DATA SUPPLIED
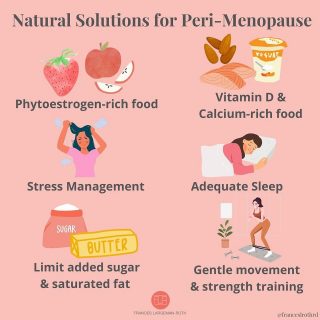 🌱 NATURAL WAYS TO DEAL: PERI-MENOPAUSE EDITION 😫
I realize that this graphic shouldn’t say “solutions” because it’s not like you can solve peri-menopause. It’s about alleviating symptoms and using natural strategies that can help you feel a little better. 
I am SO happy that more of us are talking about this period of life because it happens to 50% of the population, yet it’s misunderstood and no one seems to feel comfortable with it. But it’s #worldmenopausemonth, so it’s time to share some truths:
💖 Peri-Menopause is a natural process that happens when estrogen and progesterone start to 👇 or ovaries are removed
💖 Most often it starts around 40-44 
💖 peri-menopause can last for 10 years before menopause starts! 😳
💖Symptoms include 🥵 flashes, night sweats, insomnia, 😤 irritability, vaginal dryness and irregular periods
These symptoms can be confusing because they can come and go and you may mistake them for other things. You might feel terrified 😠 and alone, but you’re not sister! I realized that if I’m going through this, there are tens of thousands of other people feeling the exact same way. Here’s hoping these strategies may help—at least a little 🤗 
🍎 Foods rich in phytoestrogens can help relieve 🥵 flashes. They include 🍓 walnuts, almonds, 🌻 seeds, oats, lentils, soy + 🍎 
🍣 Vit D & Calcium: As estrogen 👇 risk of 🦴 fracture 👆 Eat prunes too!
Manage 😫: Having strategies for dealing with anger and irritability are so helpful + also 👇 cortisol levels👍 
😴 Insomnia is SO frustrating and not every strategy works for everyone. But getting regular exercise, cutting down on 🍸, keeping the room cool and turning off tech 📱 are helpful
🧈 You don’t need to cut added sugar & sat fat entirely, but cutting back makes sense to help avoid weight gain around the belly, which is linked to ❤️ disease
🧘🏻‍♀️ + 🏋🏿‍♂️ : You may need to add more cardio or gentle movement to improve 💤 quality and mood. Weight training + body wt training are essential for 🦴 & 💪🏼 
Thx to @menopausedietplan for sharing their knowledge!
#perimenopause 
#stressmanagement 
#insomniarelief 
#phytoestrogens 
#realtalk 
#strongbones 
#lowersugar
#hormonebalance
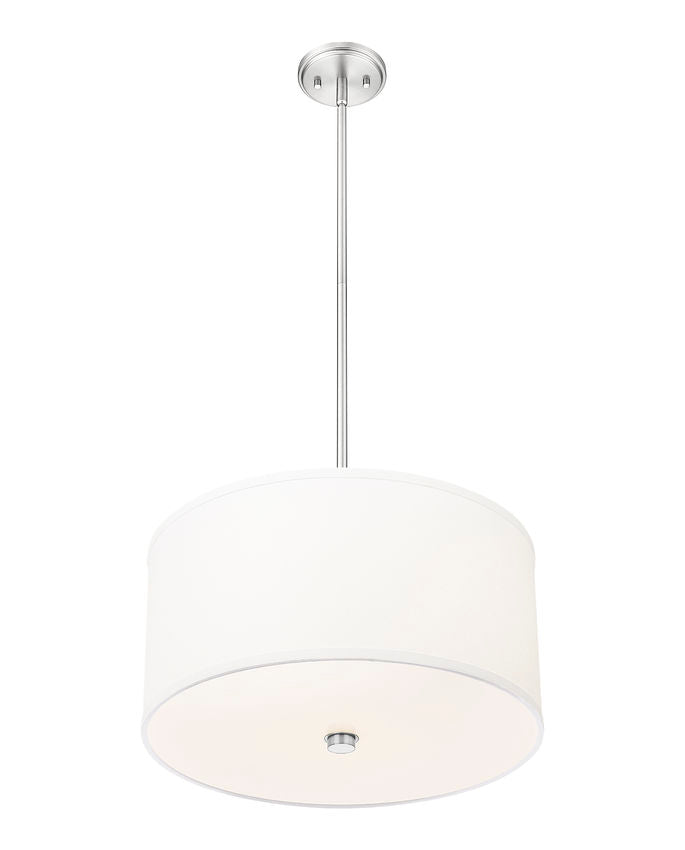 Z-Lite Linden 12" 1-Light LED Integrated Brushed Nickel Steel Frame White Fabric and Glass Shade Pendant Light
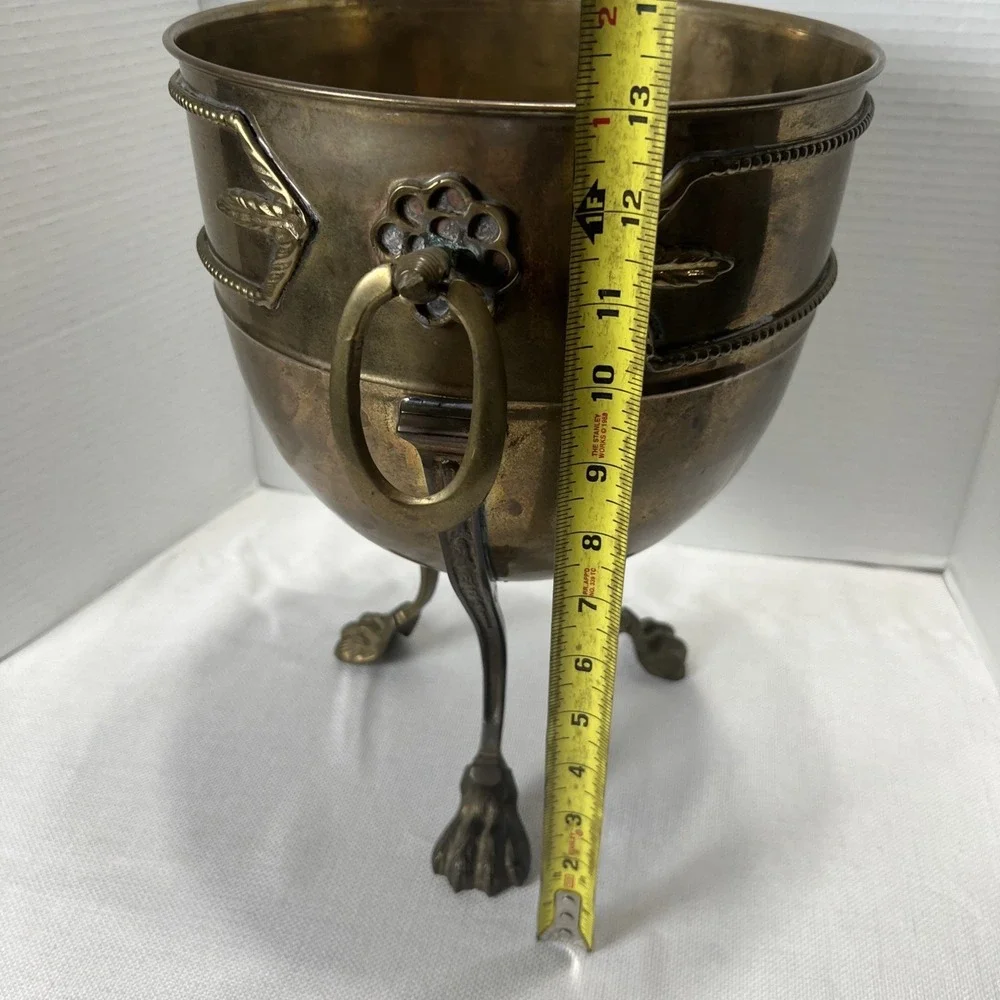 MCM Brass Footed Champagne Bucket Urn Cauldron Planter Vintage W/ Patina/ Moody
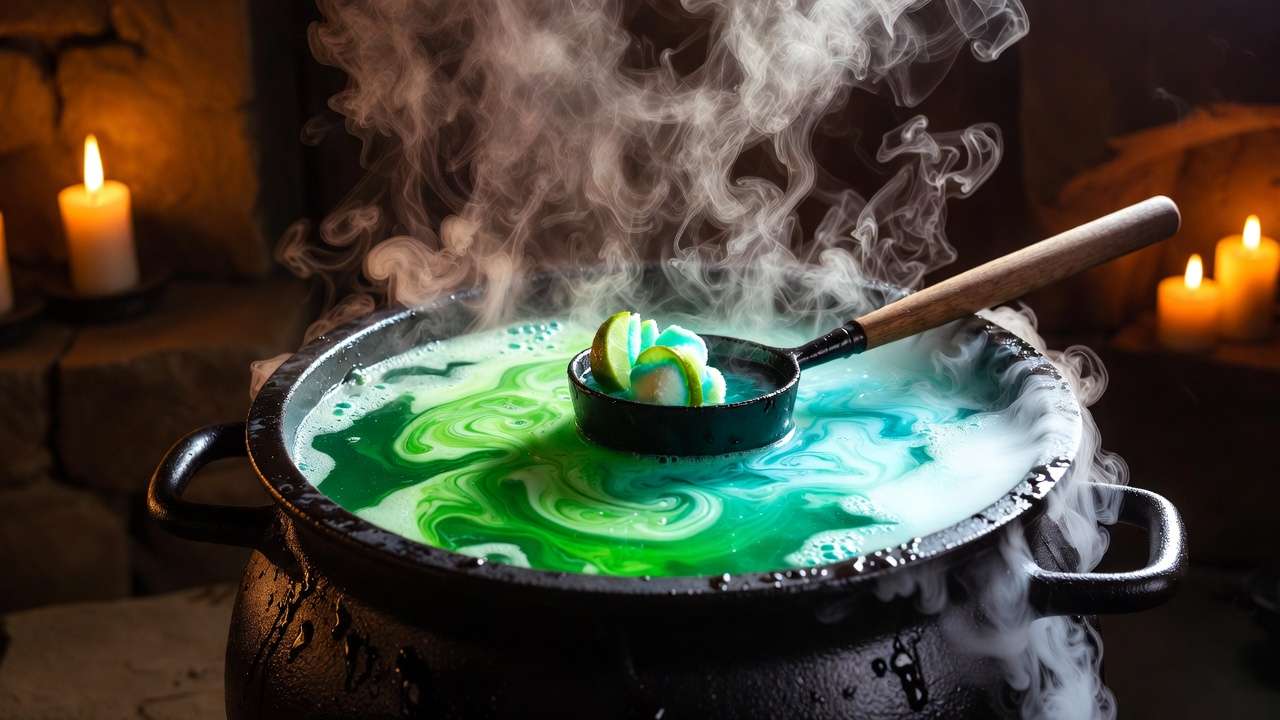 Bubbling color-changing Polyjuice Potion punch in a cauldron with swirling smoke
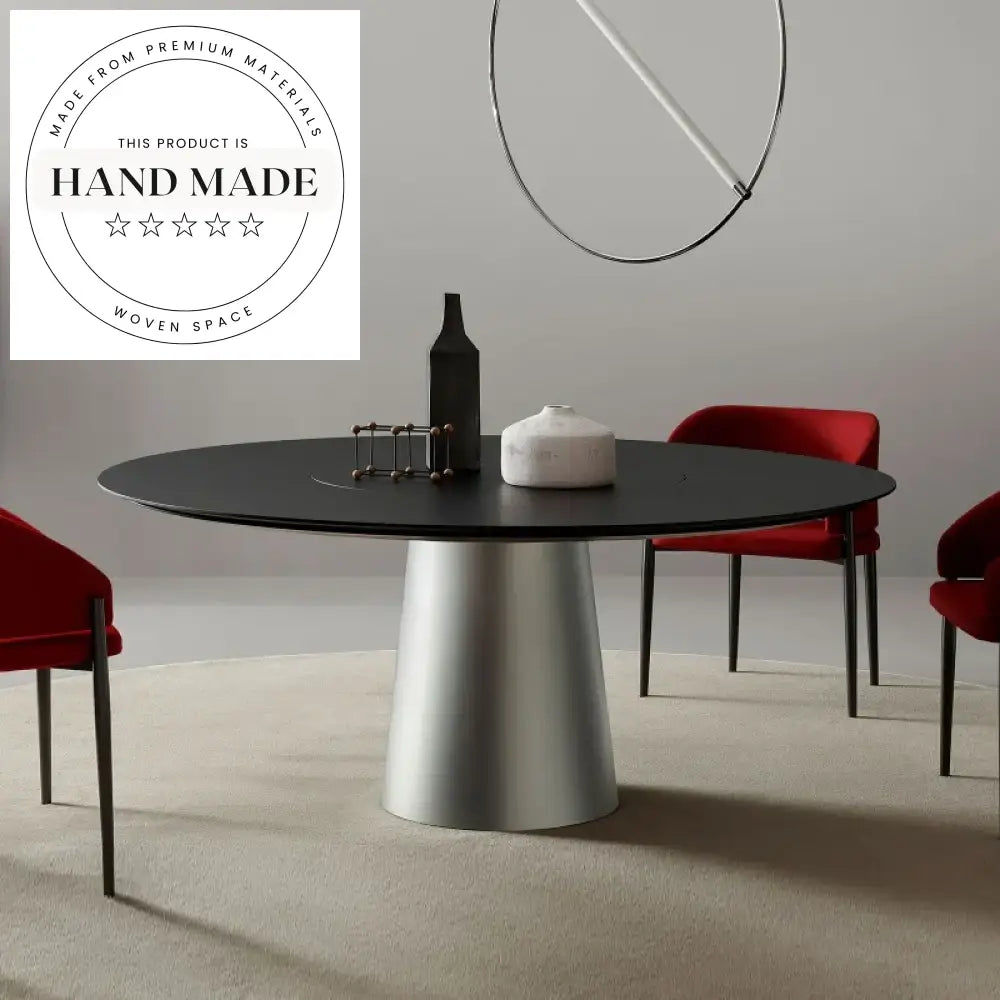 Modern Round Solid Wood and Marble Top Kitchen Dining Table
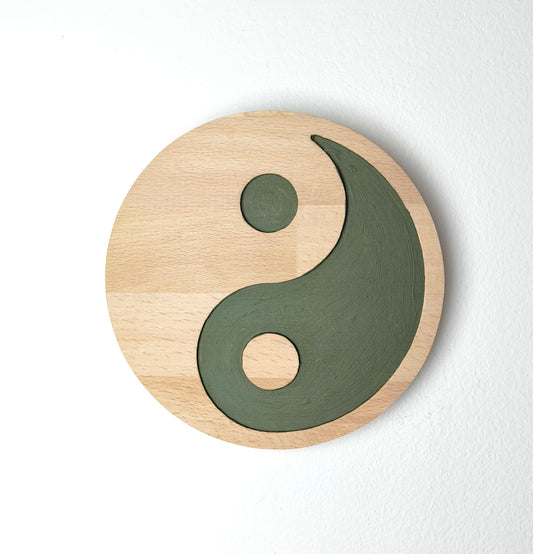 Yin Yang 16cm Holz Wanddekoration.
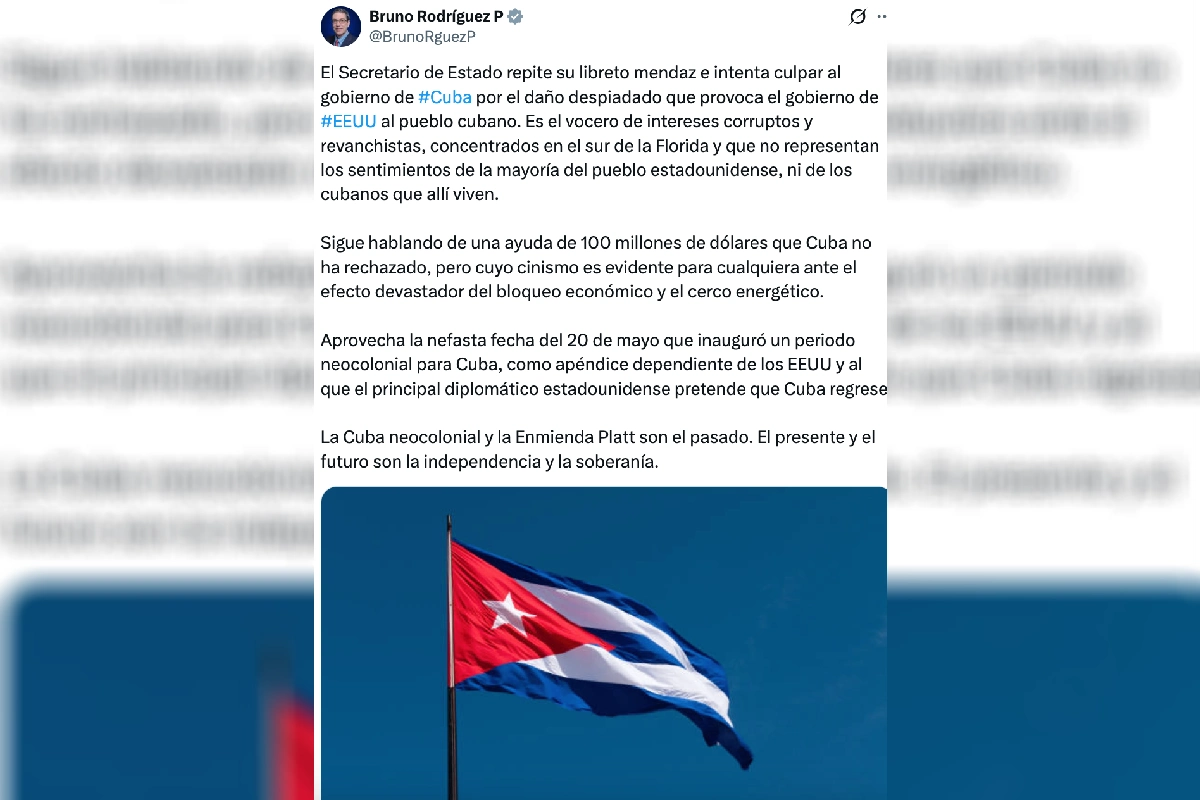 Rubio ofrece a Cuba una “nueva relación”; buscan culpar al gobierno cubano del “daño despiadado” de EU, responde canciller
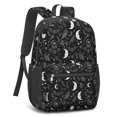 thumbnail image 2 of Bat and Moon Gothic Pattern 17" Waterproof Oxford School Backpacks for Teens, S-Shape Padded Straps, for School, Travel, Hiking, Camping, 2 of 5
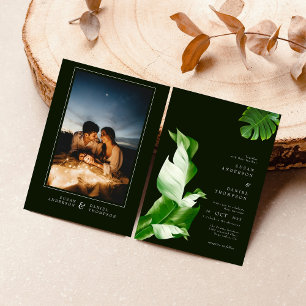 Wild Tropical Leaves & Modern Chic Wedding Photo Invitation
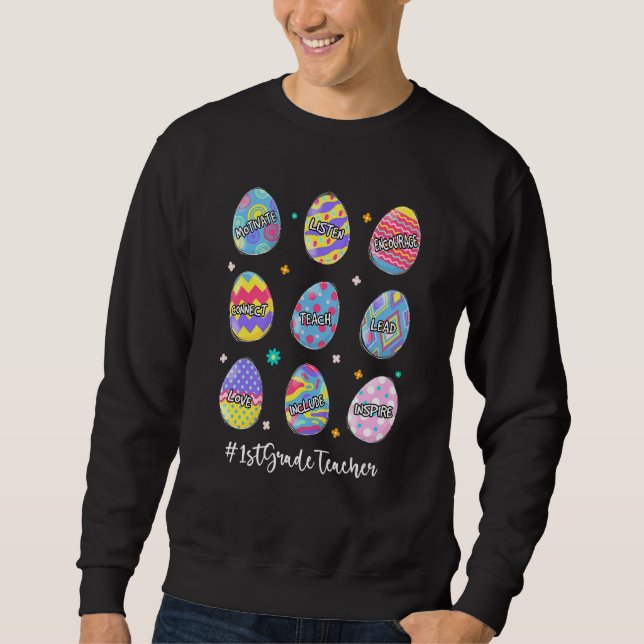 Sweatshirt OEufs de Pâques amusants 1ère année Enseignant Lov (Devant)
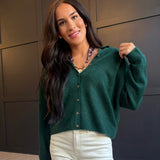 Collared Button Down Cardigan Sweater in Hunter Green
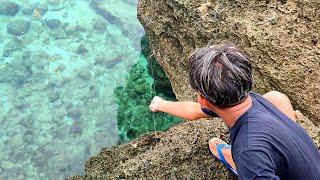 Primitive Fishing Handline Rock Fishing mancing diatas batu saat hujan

EXERCISE INSTRUCTIONS
Exactly how many lines of the data include the word "irritability"? Reply with that number only.

SOLUTION
2